The physical layout and logical types specified in this document are designed to align with well-known binary (WKB), as this is currently the most popular binary encoding used to store and shuffle geometries between libraries. For example, a linestring in WKB is encoded as:

  • One byte describing endian (0x01 or 0x00)
  • A uint32_t describing the geometry type and its dimensions. For a linestring this will be 2 (for XY), 1002 (for XYZ), 2002 (for XYM), or 3002 (for XYZM).
  • A uint32_t of how many vertices are contained in the linestring
  • An buffer of double containing coordinates with coordinate values kept together. For example, the points (1 2, 3 4, 5 6) would be encoded as [1, 2, 3, 4, 5, 6].

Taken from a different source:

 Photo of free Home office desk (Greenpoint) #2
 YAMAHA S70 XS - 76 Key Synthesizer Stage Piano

In this specification, we store the same information as WKB but organized differently:

  • A struct ArrowSchema that contains the storage type and metadata. The default representation of a linestring is stored as a list_of<vertices: fixed_list_of<xy: float64, 2>>, where the child name of the fixed list stores the dimensions (xy) of the coordinates.

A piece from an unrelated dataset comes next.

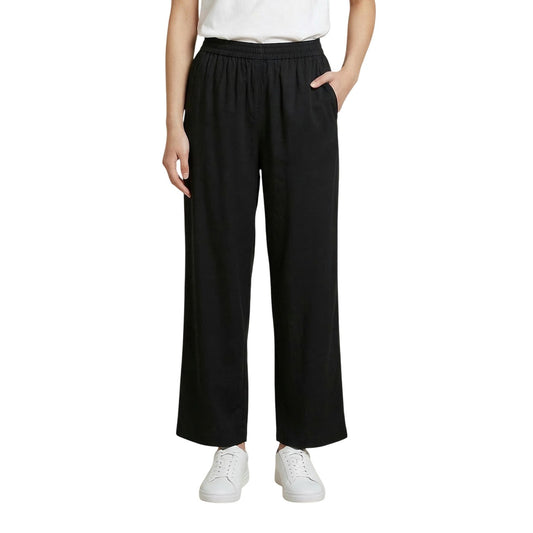 Pantaloni Culotte Only Onlaris; 93% Viscosa Sostenibile. Gamba ampia, vita elastica, tasche laterali. Pantaloni donna freschi, leggeri e facili da abbinare per la PE26. Colore nero vista frontale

  • A struct ArrowArray() that contains the coordinate values and lengths of each linestring. For example, a linestring containing the points (1 2, 3 4, 5 6) is encoded by default using:
    • An int32_t buffer of offsets to the start/end of each linestring in the points array. Because our example only includes one linestring, this would be two numbers [0, 3]. The length of each linestring can be calculated by subtracting (i.e., offset_array[i + 1] - offset_array[i]).

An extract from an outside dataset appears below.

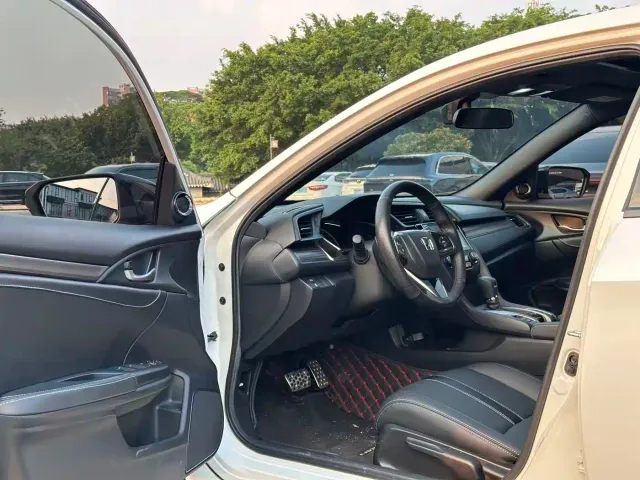 Honda Civic — Фото автомобиля 4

    • A double buffer containing coordinates with coordinate values kept together (i.e., [1, 2, 3, 4, 5, 6]).

You can learn more about these buffers and the C structures that geoarrow uses to represent them in memory in the Arrow Columnar Format specification and the C Data interface specification. For a detailed guide to iterating over geometries in C and C++, see the C and C++ development guide.